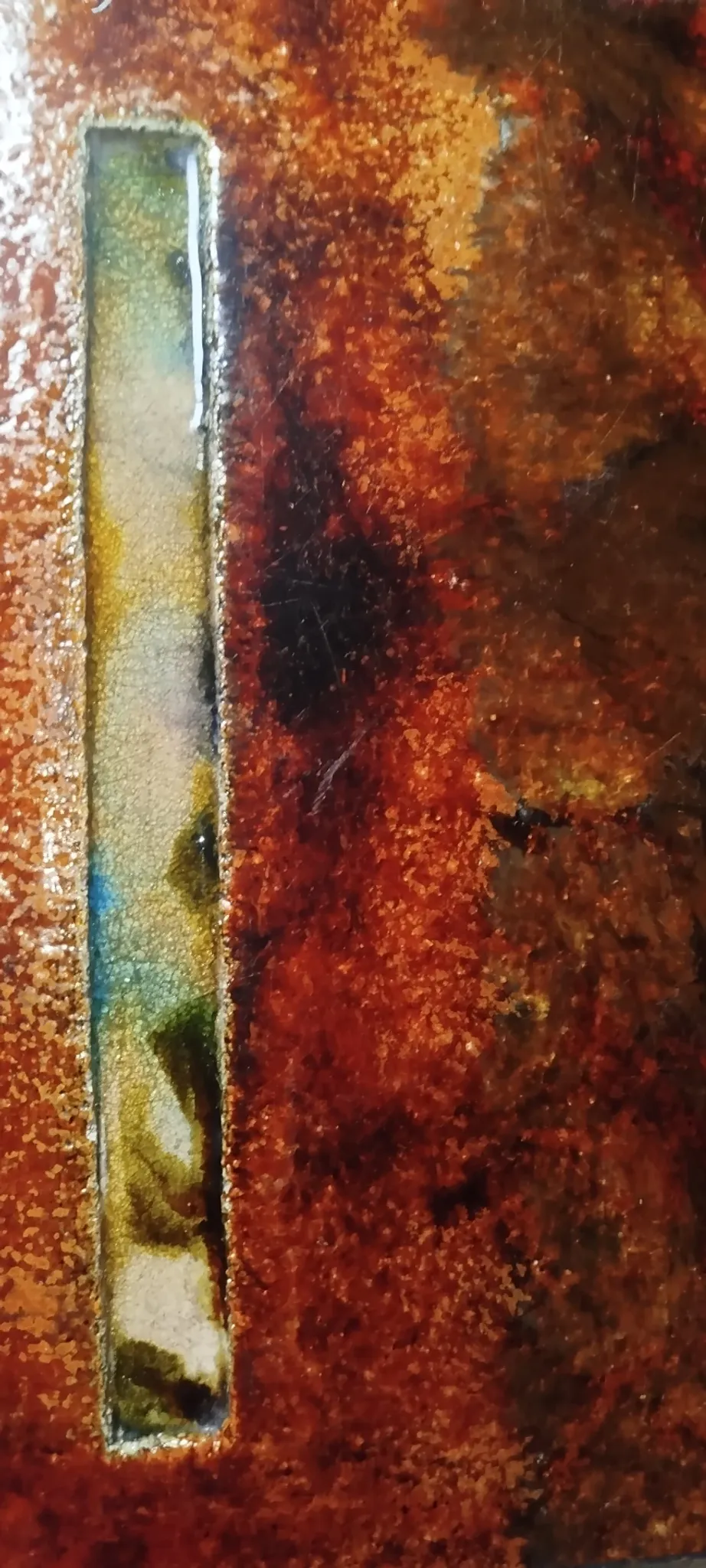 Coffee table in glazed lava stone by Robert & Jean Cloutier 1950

▬▬▬▬▬▬▬▬▬▬

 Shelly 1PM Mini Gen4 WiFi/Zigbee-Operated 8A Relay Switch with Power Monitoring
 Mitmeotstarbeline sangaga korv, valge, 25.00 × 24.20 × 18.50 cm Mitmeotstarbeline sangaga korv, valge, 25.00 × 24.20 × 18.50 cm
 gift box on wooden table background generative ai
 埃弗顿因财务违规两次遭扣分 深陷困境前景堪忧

▬▬▬▬▬▬▬▬▬▬

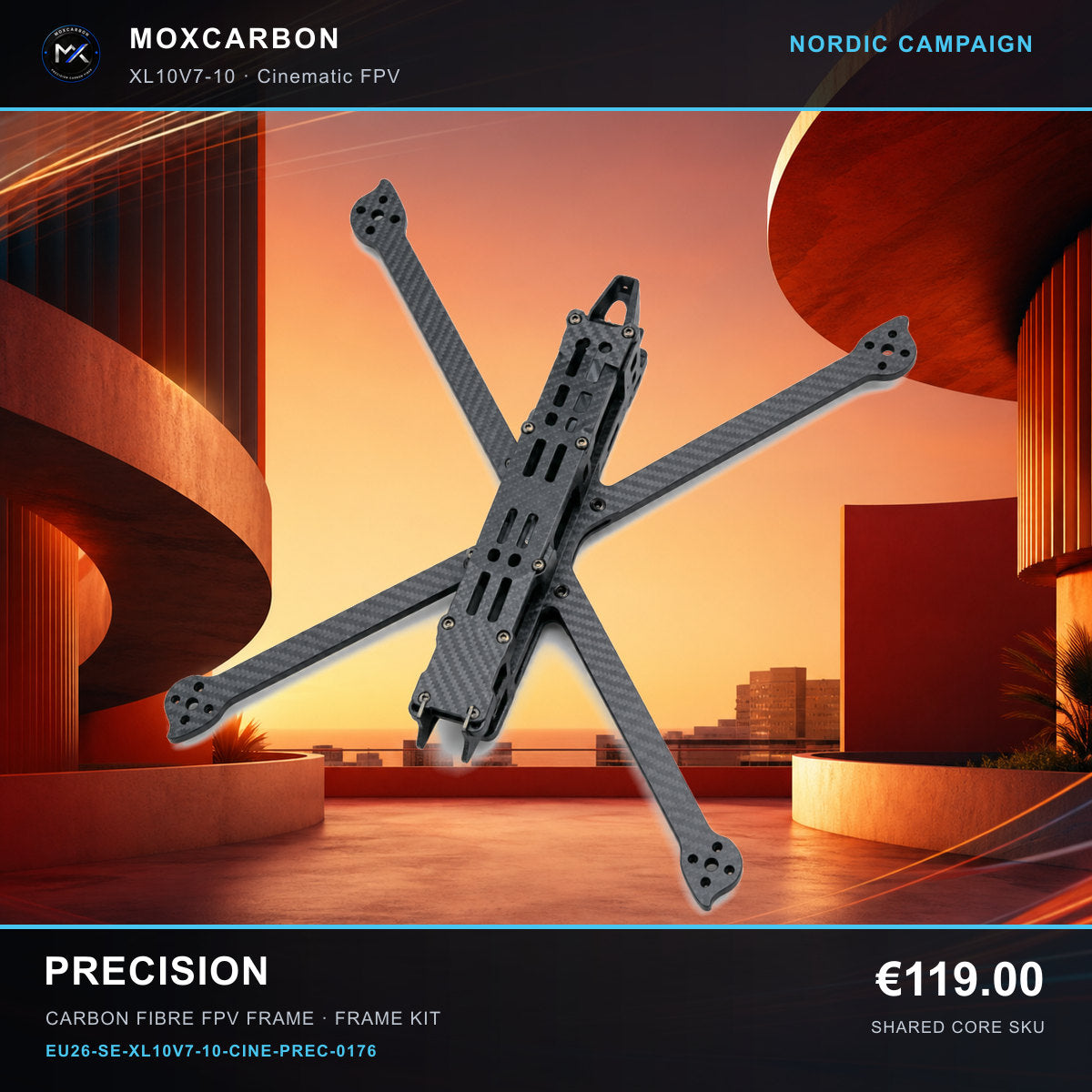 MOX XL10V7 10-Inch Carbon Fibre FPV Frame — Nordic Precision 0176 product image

▬▬▬▬▬▬▬▬▬▬

Working from the records above, write out verbatim only the lines from the line containing "Shelly 1PM Mini" through the line containing "埃弗顿因财务违规两次遭扣分 深陷困境前景堪忧".

» Response to this task
 Shelly 1PM Mini Gen4 WiFi/Zigbee-Operated 8A Relay Switch with Power Monitoring
 Mitmeotstarbeline sangaga korv, valge, 25.00 × 24.20 × 18.50 cm Mitmeotstarbeline sangaga korv, valge, 25.00 × 24.20 × 18.50 cm
 gift box on wooden table background generative ai
 埃弗顿因财务违规两次遭扣分 深陷困境前景堪忧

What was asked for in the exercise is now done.